[vox-tech] Fwd: Re: [OT] Electronics & hardware geek sought

Bill Kendrick nbs at sonic.net
Mon Jan 5 23:43:25 PST 2009


On Mon, Jan 05, 2009 at 11:35:13PM -0800, Bill Kendrick wrote:
> Check out this (from Wikepedia -- but you will also find other about the same topic:

Thanks, Lee...

<snip>
> If it would be helpful to you, I could try to find that name of a student who several years ago cleverly used such devices to automatically document patient positioning.

My immediate interest is in the pressure or tilt sensing on a board that
you'd stand on (like the Balance Board that you use with WiiFit on the
Nintendo Wii -- think mini surfboard, or wobbly bathroom scale).
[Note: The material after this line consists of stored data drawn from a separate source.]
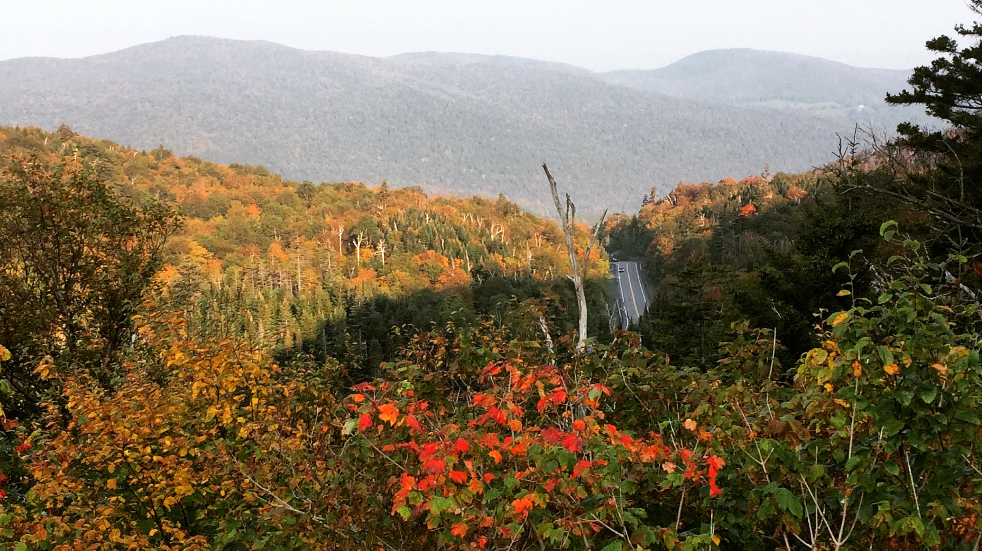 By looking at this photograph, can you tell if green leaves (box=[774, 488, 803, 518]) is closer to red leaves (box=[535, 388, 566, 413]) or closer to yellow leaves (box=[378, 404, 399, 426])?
red leaves (box=[535, 388, 566, 413])

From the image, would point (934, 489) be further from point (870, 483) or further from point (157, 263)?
point (157, 263)

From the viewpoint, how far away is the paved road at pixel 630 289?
94.1m

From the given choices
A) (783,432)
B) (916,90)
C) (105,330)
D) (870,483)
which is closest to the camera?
(870,483)

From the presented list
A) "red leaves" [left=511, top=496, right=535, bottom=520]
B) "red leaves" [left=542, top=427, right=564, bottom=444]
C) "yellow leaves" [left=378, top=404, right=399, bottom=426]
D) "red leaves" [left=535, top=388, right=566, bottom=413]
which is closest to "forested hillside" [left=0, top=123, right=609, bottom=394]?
"red leaves" [left=535, top=388, right=566, bottom=413]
In the _meantime_, I just got an Atari Touch Tablet (similar to the
Koala Pad of the era, and Wacom Tablets of today).  It's 25 years old, and
was new, in box... I got to be the first to ever crack it open and use it. :)

It's a nifty device because it simply acts like a pair of paddle controllers,
reporting the X/Y positon of wherever you're pressing on the tablet
(either with the stylus, or your finger).  It's not pressure-sensitive,
like modern Wacoms, of course.  And the resolution is about 200x200.
But that's fine for drawing on a typical 4-color screen on an old 8-bit
computer... usually 160x192 or there'bouts.

SADLY, I plugged it into Stelladapter and ran 'jstest' on my Linux laptop
just now, and while it recognized it as a pair of axises (axes?) and
some buttons, it didn't seem to sense when I pushed on the tablet.
I was seriously considering jury-rigging it as an input device for Tux Paint.
:)

In the meantime, it came with a fairly nice paint program (on cartridge)
for the Atari, and since it just looks like paddles, it's _insanely_ trivial
to program for, even in BASIC.  (Unlike a mouse or trackball, since those
require listening to the controller port constantly, for bits getting flipped
as the ball rolls around.)

Oh, and the paint program is normally in what you'd call "absolute mode"
on a modern system (that is, top left corner of tablet is top left corner
of screen).  But when you zoom in with the Magnify mode, it's in
"relative" mode.  (Meaning the cursor moves and the zoomed-in image pans
based on how far you move the stylus each time you press it back down onto
the pad.)  Very clever, especially for 1983 ... pre-Macintosh!

-- 
-bill!
"Tux Paint" - free children's drawing software for Windows / Mac OS X / Linux!